When she comes out, she has to find a place to live, but it has to be a place, if she hopes to get her kids back, is actually going to satisfy child welfare. Now she has this reduced ability to actually negotiate relationships, which also means that she has a reduced ability to actually negotiate systems and to actually talk within those systems to get the things that are needed to put that back together.
You can see now how a circle of two or three solid women volunteers, who have known this woman now for maybe a year or two and care about her deeply, becomes those who assist here in this. Again, this is not a service delivered by a paid employee. This is somebody who is a friend. We have manufactured a real kind of friendship and it actually starts to help them. As they’re putting those pieces back together, all that stuff that has exploded, there is something meaningful that is happening.
I could read you testimony after testimony of the women who have been a part of this and attest to how important it is. Incidentally, it was reviewed. It was researched rather rigorously at the University of Waterloo. An evaluation tool was designed specifically for it. Absolutely, it contributes to increasing people’s social capital and their ability to negotiate relationships properly. All the things we were hoping for are confirmed.
Senator Pate: With your indulgence, I would like to correct some issues. It’s striking to me that many witnesses come before this committee who have been advised of what is the law when they’re actually policy decisions. We just heard it again with this panel.
For instance, the fact that the mandate of corrections doesn’t include reintegration is actually not true. The law says it does, but policy decisions and funding decisions have rendered the reality that you have spoken about.
I am picking up some of the highlights. I won’t go through everything because I want to ask a question too. Ms. Gentile mentioned that section 81 requires people not to be in maximum security. That is actually not true. The legislation and the intent of the legislation was that it would be available to everybody regardless of security classification. One of the reasons section 77 was there, and for our Indigenous prisoners, section 80, was to recognize, particularly for women, that there needed to be focus on those options for under-represented groups. As we heard from the previous panel, the same sorts of things are supposed to be available for other ethnocultural groups and certainly Black prisoners.
It also strikes me that maybe one of the realities Mr. Cowie was talking about hasn’t been squarely put on the table before now. We have before us in some of the background material the fact that the Task Force on Federally Sentenced Women, when it tabled its report in 1990, recommended community-based options. All of the programs being talked about that are now offered in the prisons were supposed to be offered in the community. Only those prisoners who because of their sentence could not go into the community were supposed to have programs in the community and the community was supposed to come in. As Mr. Cowie has identified, most of those are actually provided in house now.
I want to come to a question for both of you. You talked about combativeness, violence and fear in the prisons. That is the rhetoric I am going to ask you about. If you think I am wrong, I certainly want to correct it. In my experience a storyline has been developed over the last 20 years for all prisoners that particularly women and racialized prisoners are becoming more combative and violent.

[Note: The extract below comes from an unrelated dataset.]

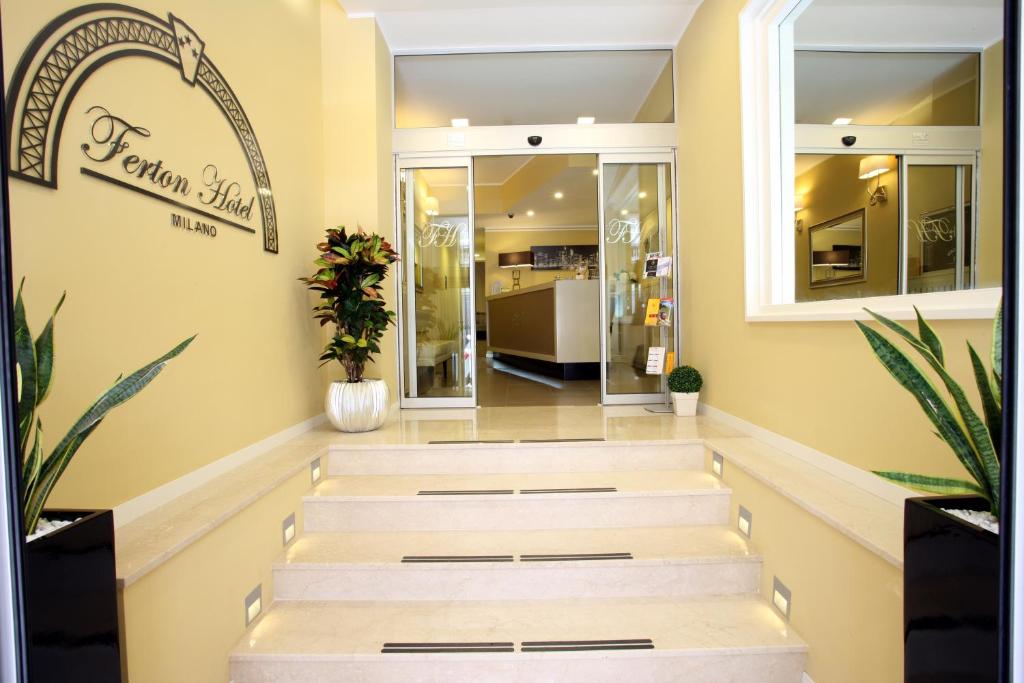 um lobby de uma loja com escadas na frente em Hotel Ferton em Milão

I would like your comments on this. What we have actually seen is less interaction of staff in a positive way with individuals. We have seen more overcrowding and less access to programs. What we know about people, human beings not just from prison environments but from others, is that when you take away hope you first start to see people implode. In the Ashley Smith inquest it was well documented. They start to harm themselves and feel more and more desperate. Then, if they still are feeling desperate and lose all hope but see one person get a bit or are told someone else got something, they’re induced to believe that someone else is getting something they’re not, which promotes tension.
In my experience that is more of what we have seen happening. People are putting it out there as an end result as opposed to contextualizing it in terms of something that has developed over time. It’s unlikely to be the environment you saw at GVI when either of you first went in, I would suggest. If I’m wrong then I would like you to correct me on the record.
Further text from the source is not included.